ACTIVITY: Copy down all of the data underneath, exactly as shown.

Web page caption snippets:
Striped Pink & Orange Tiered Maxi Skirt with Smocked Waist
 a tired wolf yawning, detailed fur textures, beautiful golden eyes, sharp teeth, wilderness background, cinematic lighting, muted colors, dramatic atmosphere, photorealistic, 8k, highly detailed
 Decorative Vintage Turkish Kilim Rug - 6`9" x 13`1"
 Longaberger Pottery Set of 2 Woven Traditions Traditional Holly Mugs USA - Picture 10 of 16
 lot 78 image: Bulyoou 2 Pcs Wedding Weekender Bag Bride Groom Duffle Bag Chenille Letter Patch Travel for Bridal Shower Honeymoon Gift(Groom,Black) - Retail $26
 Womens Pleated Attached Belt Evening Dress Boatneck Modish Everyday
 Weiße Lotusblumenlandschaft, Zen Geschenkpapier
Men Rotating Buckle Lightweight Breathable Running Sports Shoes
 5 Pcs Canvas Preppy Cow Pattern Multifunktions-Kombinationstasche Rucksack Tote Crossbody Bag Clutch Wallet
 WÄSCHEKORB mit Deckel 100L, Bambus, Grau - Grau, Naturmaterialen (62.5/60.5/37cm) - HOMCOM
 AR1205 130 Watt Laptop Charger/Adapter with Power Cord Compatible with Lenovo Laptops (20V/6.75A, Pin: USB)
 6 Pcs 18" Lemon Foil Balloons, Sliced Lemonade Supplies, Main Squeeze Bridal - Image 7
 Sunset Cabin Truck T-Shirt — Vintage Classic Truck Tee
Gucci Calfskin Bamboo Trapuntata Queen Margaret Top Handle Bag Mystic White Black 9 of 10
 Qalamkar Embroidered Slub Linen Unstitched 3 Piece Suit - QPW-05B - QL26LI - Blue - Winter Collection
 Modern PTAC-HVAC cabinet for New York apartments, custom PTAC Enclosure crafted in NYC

WRITTEN ANSWER:
Striped Pink & Orange Tiered Maxi Skirt with Smocked Waist
 a tired wolf yawning, detailed fur textures, beautiful golden eyes, sharp teeth, wilderness background, cinematic lighting, muted colors, dramatic atmosphere, photorealistic, 8k, highly detailed
 Decorative Vintage Turkish Kilim Rug - 6`9" x 13`1"
 Longaberger Pottery Set of 2 Woven Traditions Traditional Holly Mugs USA - Picture 10 of 16
 lot 78 image: Bulyoou 2 Pcs Wedding Weekender Bag Bride Groom Duffle Bag Chenille Letter Patch Travel for Bridal Shower Honeymoon Gift(Groom,Black) - Retail $26
 Womens Pleated Attached Belt Evening Dress Boatneck Modish Everyday
 Weiße Lotusblumenlandschaft, Zen Geschenkpapier
Men Rotating Buckle Lightweight Breathable Running Sports Shoes
 5 Pcs Canvas Preppy Cow Pattern Multifunktions-Kombinationstasche Rucksack Tote Crossbody Bag Clutch Wallet
 WÄSCHEKORB mit Deckel 100L, Bambus, Grau - Grau, Naturmaterialen (62.5/60.5/37cm) - HOMCOM
 AR1205 130 Watt Laptop Charger/Adapter with Power Cord Compatible with Lenovo Laptops (20V/6.75A, Pin: USB)
 6 Pcs 18" Lemon Foil Balloons, Sliced Lemonade Supplies, Main Squeeze Bridal - Image 7
 Sunset Cabin Truck T-Shirt — Vintage Classic Truck Tee
Gucci Calfskin Bamboo Trapuntata Queen Margaret Top Handle Bag Mystic White Black 9 of 10
 Qalamkar Embroidered Slub Linen Unstitched 3 Piece Suit - QPW-05B - QL26LI - Blue - Winter Collection
 Modern PTAC-HVAC cabinet for New York apartments, custom PTAC Enclosure crafted in NYC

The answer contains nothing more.